My first impulse is to brand Barbazon as a luddite. Instead, I’ll merely point out that I found her university homepage, information about her scholarship and teaching, and all of her books online using – you guessed it – Google.
-- Brian
3 comments:
I feel measured sympathy for Barbazon's concerns about internet information. After all, frequently information on the internet is difficult to verify, and the nature of online knowledge reproduction brings questions of who can provide "authoritative" information to the forefront. Obviously this can be problematic in the eyes of academics. Douglas Cowan writes in his book "Cyberhenge: Modern Pagans on the Internet" that "because the Internet's prime directive dictates that 'information must flow', and there is no overarching process by which information can be vetted either before or after Web publication, the problem of all but indiscriminate reproduction will continue to be an important one in any analysis...on the Web." (Cowan 2005:8). However, I don't think you can simply declare one type of information search as harmful to education and another helpful. I'm old enough to remember having to do research papers using card catalogues, and can say for certain the breadth of my knowledge and academic output has benefitted greatly from being able to search databases, access online journals, and "google" research topics. Perhaps the greater sociological concern Barbazon's work implies is not the dangers inherent in easy access to mass information, but a cultural drive towards convenience which sacrifices critical consumption? Is this a question of quantity versus quality, because I’m not sure they are mutually exclusive.
What's a card catalog?
I actually still use card catalogs when I do genealogical research at the Kansas State Historical Society. A lot of research libraries and archives still use them, but more and more is going online. When I first arrived at KU, most of the KU Spencer Research Library (where I got the Blackmar info) was only accessible through the card catalog. Now, almost all of their material is available online and the card catalog is an after thought.

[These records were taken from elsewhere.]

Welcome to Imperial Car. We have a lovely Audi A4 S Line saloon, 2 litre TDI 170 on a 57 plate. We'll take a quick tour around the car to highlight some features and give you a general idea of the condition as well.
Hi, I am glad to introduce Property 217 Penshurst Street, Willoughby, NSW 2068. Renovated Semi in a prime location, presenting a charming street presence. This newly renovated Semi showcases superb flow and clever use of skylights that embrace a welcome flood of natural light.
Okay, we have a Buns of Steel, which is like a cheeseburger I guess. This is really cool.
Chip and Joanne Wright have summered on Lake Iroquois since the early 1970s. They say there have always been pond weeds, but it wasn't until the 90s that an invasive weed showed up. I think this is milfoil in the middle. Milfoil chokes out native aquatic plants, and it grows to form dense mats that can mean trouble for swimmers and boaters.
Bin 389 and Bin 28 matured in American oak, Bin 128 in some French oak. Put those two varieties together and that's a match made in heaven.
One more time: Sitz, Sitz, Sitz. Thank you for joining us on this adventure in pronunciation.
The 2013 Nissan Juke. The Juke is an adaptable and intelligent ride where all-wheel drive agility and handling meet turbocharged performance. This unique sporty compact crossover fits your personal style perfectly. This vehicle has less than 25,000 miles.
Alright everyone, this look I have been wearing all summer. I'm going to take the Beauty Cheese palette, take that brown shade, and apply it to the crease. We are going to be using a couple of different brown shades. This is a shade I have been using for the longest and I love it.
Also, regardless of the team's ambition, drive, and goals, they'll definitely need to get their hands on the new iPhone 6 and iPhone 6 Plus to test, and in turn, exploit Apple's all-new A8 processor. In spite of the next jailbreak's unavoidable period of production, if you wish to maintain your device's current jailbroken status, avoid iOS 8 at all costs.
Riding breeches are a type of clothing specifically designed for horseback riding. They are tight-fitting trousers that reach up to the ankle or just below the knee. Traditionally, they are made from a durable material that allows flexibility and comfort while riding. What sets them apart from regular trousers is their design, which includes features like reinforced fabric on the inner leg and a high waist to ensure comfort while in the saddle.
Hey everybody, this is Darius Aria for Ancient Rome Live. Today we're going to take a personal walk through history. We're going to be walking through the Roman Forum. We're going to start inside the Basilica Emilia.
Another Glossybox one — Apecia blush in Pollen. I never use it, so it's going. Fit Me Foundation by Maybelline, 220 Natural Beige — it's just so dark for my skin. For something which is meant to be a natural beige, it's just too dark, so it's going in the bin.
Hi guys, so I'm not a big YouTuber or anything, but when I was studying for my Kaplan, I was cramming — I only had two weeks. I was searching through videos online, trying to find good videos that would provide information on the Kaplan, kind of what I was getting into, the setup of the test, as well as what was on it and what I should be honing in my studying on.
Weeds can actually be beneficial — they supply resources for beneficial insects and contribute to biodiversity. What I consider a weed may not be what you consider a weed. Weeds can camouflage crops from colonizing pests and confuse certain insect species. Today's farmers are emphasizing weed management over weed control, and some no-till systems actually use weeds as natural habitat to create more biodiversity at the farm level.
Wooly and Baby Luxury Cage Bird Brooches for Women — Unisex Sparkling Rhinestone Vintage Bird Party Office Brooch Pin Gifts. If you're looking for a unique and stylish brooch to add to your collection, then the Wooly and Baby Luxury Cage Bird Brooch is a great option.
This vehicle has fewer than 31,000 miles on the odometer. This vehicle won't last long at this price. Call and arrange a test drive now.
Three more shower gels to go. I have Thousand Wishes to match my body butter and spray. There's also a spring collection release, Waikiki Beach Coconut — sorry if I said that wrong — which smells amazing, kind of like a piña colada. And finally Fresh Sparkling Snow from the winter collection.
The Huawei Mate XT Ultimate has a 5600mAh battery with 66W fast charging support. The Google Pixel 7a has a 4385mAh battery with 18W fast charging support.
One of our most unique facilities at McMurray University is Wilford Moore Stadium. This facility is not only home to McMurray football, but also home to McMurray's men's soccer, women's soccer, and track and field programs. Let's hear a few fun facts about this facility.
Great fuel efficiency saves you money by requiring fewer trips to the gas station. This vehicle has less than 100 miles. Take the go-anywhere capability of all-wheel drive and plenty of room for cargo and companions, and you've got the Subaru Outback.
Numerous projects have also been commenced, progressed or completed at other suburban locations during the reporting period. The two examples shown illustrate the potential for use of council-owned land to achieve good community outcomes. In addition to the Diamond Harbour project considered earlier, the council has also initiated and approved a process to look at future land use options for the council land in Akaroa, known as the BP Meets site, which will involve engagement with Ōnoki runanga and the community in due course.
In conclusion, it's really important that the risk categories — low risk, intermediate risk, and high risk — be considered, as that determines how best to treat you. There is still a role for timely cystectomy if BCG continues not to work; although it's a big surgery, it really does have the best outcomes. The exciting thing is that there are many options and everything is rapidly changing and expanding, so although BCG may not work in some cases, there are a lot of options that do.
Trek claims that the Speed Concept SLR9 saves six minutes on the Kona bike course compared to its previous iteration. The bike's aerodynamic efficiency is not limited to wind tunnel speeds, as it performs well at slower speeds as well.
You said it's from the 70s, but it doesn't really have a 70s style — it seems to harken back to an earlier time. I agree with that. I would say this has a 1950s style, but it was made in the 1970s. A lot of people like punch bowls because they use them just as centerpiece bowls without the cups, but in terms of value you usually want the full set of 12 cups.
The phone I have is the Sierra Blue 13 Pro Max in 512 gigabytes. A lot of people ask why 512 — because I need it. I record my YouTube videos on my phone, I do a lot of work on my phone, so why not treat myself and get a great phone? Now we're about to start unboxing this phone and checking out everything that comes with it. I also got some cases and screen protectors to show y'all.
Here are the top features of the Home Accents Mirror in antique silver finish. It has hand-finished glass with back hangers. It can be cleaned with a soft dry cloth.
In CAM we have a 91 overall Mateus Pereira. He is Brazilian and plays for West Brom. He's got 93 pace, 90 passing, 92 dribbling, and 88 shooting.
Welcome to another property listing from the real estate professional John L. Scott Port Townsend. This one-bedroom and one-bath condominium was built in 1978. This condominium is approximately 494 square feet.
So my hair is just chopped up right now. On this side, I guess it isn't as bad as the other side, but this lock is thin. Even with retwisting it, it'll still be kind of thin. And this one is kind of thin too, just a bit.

The "convenience" argument I buy. For instance, the old Lexis/Nexis interface required specific search syntax, but it was very "user-controlled." Now, L/N has this "natural search" field, which pulls up what I need *most* of the time, but I don't know how it's doing its search. It was almost "easier" when I had to work a little bit. Google-like search interfaces breed a kind of researcher laziness (in my opinion).
The "authority" question seems to loom large in a lot of the debates about the internet these days.
-- Brian
I don't buy her thesis, but your own argument would be stronger if you and your first commenter spelled Tara Brabazon's name correctly, as it is spelled in your sources.
How did you successfully Google her work?